Mi piace riprendere per questi lavori condivisi la definizione de “La mossa del cavallo” che piaceva assai a Raffaello: nella sua idea di storia e nella mia di linguistica, spunti, stimoli e “scarti” provenienti da altre discipline erano cose volute e necessarie.
Tutto aveva preso avvio dalla comune amicizia e stima per Virgilio Gilardoni: dopo la sua scomparsa, su invito dell’editore Casagrande, abbiamo preso in mano quella che sarebbe diventata la nuova serie dell’Ast che Gil aveva fondato e diretto.
Assieme prendemmo decisioni che sentivamo del tutto naturali e necessarie: rifondare una rivista democraticamente gestita che affondava le radici nel territorio alpino e prealpino, secondo le metodologie della ricerca universitaria.
Fu una scommessa ad alto rischio che, grazie al ruolo di Raffaello e al lavoro multidisciplinare di molti studiosi ebbe successo.
Quando lasciammo la redazione ad altri colleghi, Raffaello si limitò a dirmi, senza averne l’aria e nel tono di understatement che gli era proprio: “Possiamo dire di aver lavorato bene”.
La modestia, infatti, fu un’altra grande qualità di Raffaello, e ad essa univa la squisita pazienza, generosità e disponibilità, regali preziosi di cui ho avuto la fortuna di approfittare molte e molte volte, con i suoi incoraggiamenti e consigli.
Da qualche parte, tanto tempo fa Georges Moustaki cantava “Avec le temps tout s’efface”, un’affermazione con la quale uno in teoria può anche essere d’accordo.

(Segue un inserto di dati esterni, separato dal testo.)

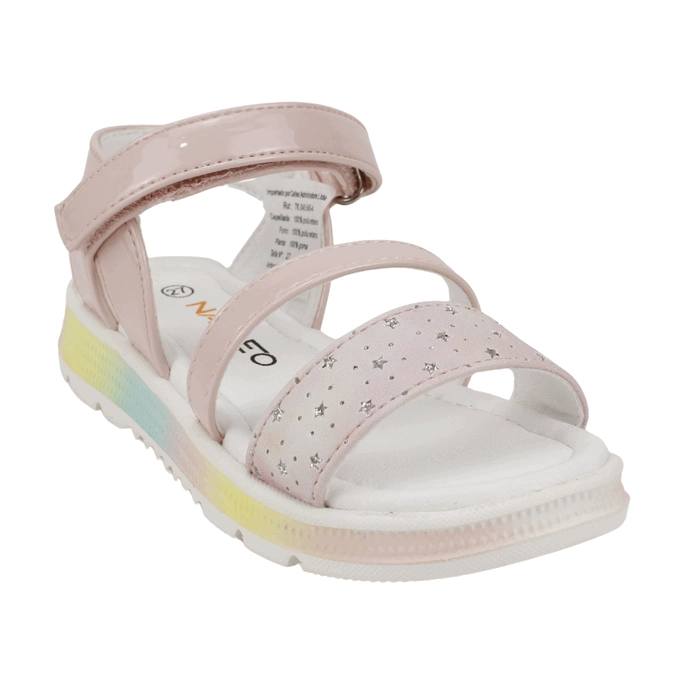 SANDALIA NAT GEO KIDS ARCOIRIS ROSA - 6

Ma quando vivi il dolore per la perdita di una bella persona che ti è stata vicina e carissima, quando avverti il vuoto enorme che la sua scomparsa già lascia in te e nei tanti altri suoi amici, ti rendi conto che il breve o lungo tempo che ancora t’aspetta avrà senso solo perché il ricordo del sorriso di bontà dell’amico perduto è una luce indelebile nel cuore e nella memoria di tutti noi.